Task prompt: In the entries below, begin at the line with "De Veneza a" and stop after the line with "New 2026 GMC Hummer EV SUV AWD/4WD image 1"; output those lines exactly and omit the pictures.

Entries provided:
== == ==

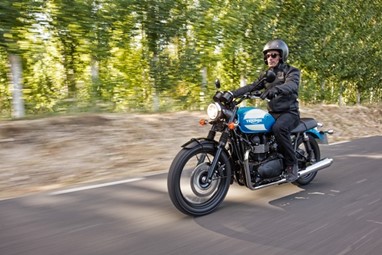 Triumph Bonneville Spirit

== == ==

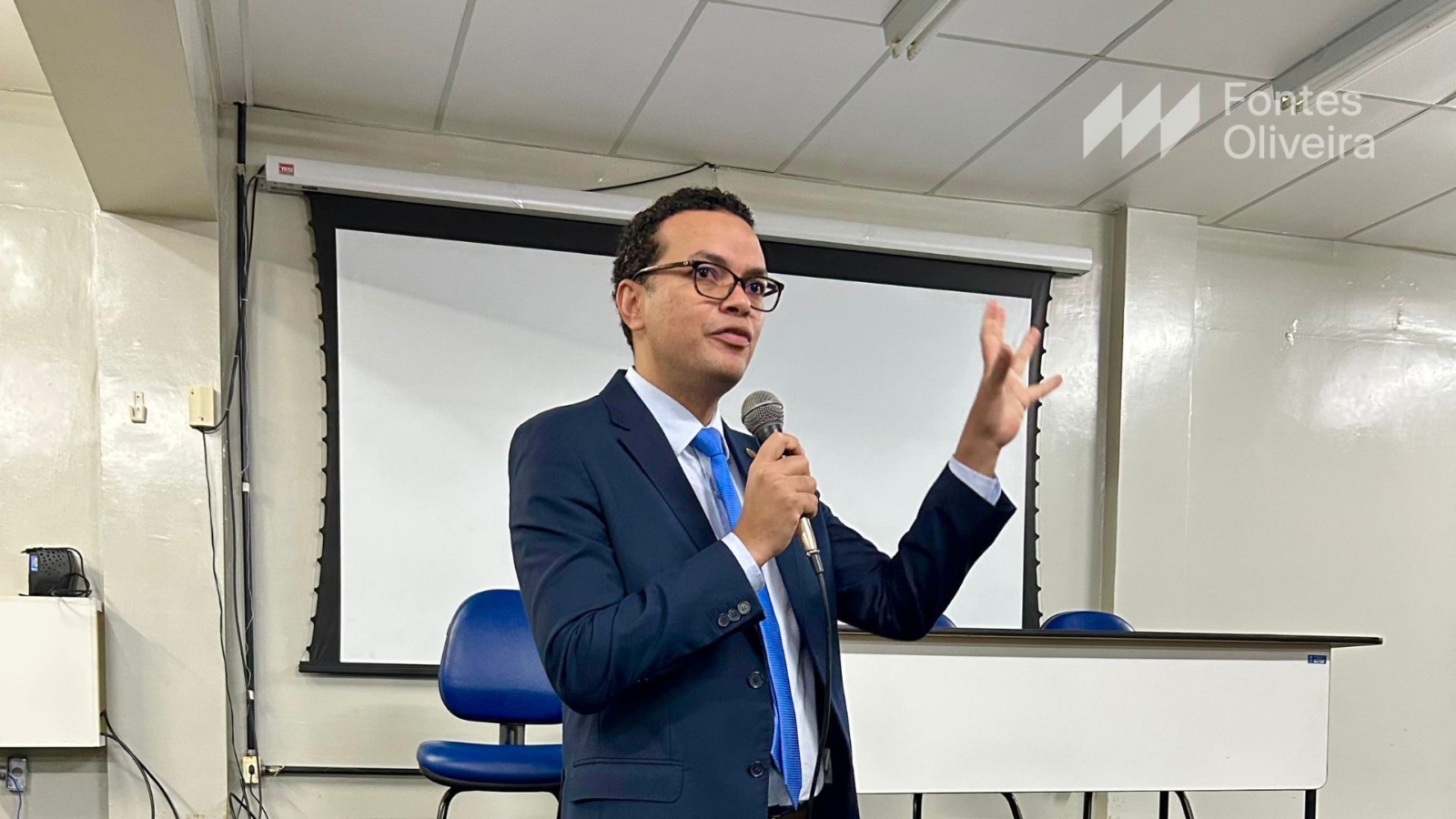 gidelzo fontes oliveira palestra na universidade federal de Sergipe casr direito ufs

== == ==

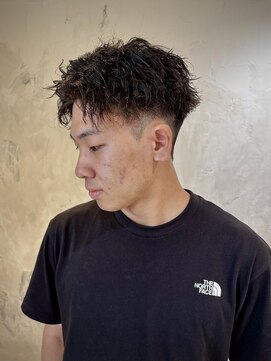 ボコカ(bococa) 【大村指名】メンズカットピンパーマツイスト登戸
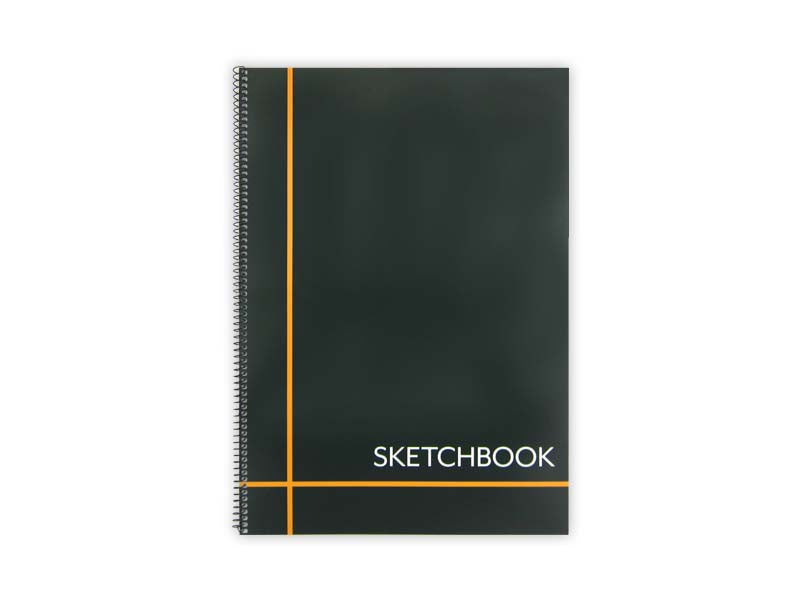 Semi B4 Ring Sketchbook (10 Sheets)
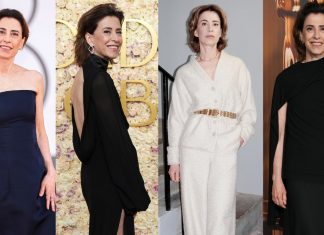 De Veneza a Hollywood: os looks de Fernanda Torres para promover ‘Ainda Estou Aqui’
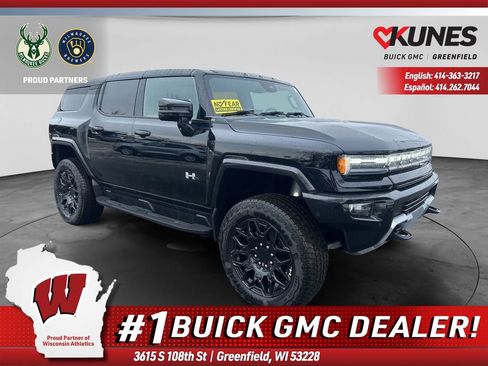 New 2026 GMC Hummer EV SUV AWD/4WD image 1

== == ==

Answer to this problem:
 De Veneza a Hollywood: os looks de Fernanda Torres para promover ‘Ainda Estou Aqui’
 New 2026 GMC Hummer EV SUV AWD/4WD image 1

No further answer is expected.